The easiest way to understand wages is to consider the employer and the employee as PARTNERS. The employee is in fact a privileged partner, in that he gets his cut of the profits in advance, even before the item he helped produce is sold to anyone. Not only that, he gets his cut even if there are no profits. These are two incredible privileges given to this partner, and indeed he pays for these privileges by getting a bit less of the estimated profits. than would be the case if he were self employed.

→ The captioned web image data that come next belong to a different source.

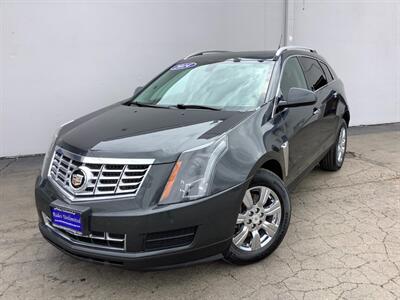 2014 Cadillac SRX Luxury Collection   - Photo 2 - Crest Hill, IL 60403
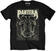 T-shirt Pantera 101 Proof Skull Black 2XL T-shirt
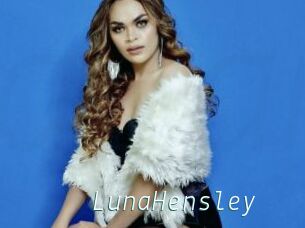 LunaHensley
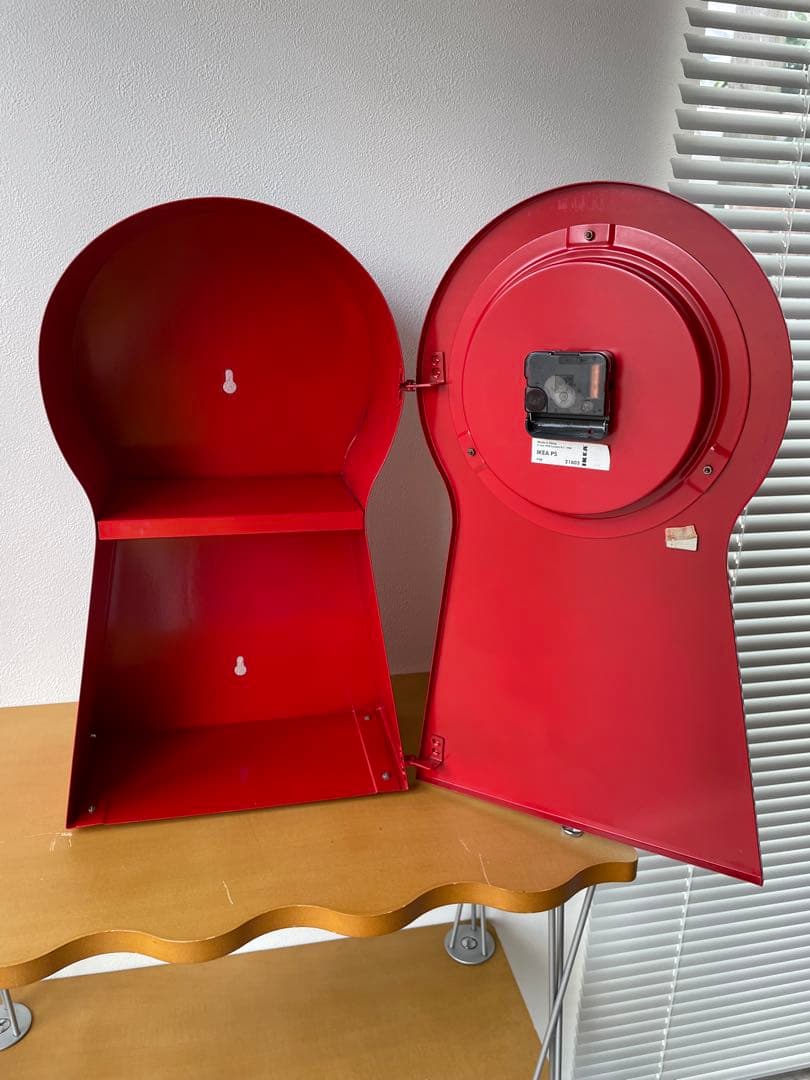 IKEA イケア　PS1995 廃盤カラー　オールドイケア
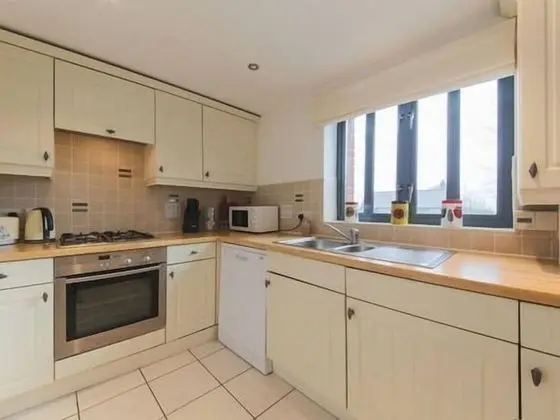 Apart Daire, Özel Banyo, Deniz Manzaralı (Two Bedroom)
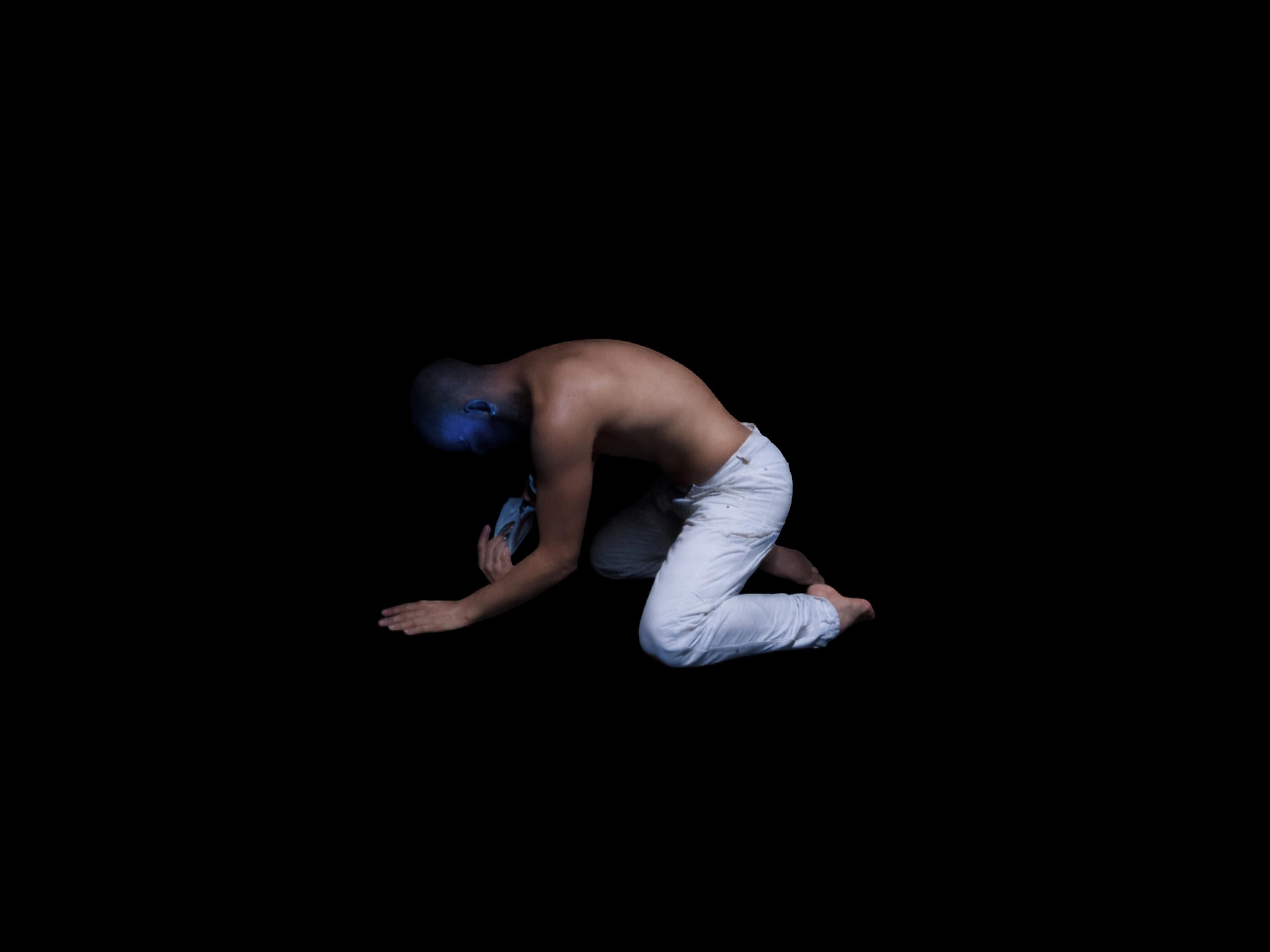 Phantom - Danza en breve.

But here's the thing, when the worker receives his wages, he can spend them right away. Say claims that products are bought with products. It seems to me then that the wage the worker receives represents a product that either he or the employer has already produced. But the product which the employer and employee have partnered to produce clearly has not been produced yet. This leads me to believe that the employer is paying the worker in a product that has already been created either previously by the same employee, by a former employee, or by the employer himself. This seems more like an exchange, a purchase, rather than a promise to split the future earnings. Say asserts: the only way of getting rid of money is in the purchase of some product or other. When an employer advances this money to his partner--the employee--is he not getting rid of his money? If this doesn't constitute a purchase, I have to wonder why Say left out this possibility of getting rid of money.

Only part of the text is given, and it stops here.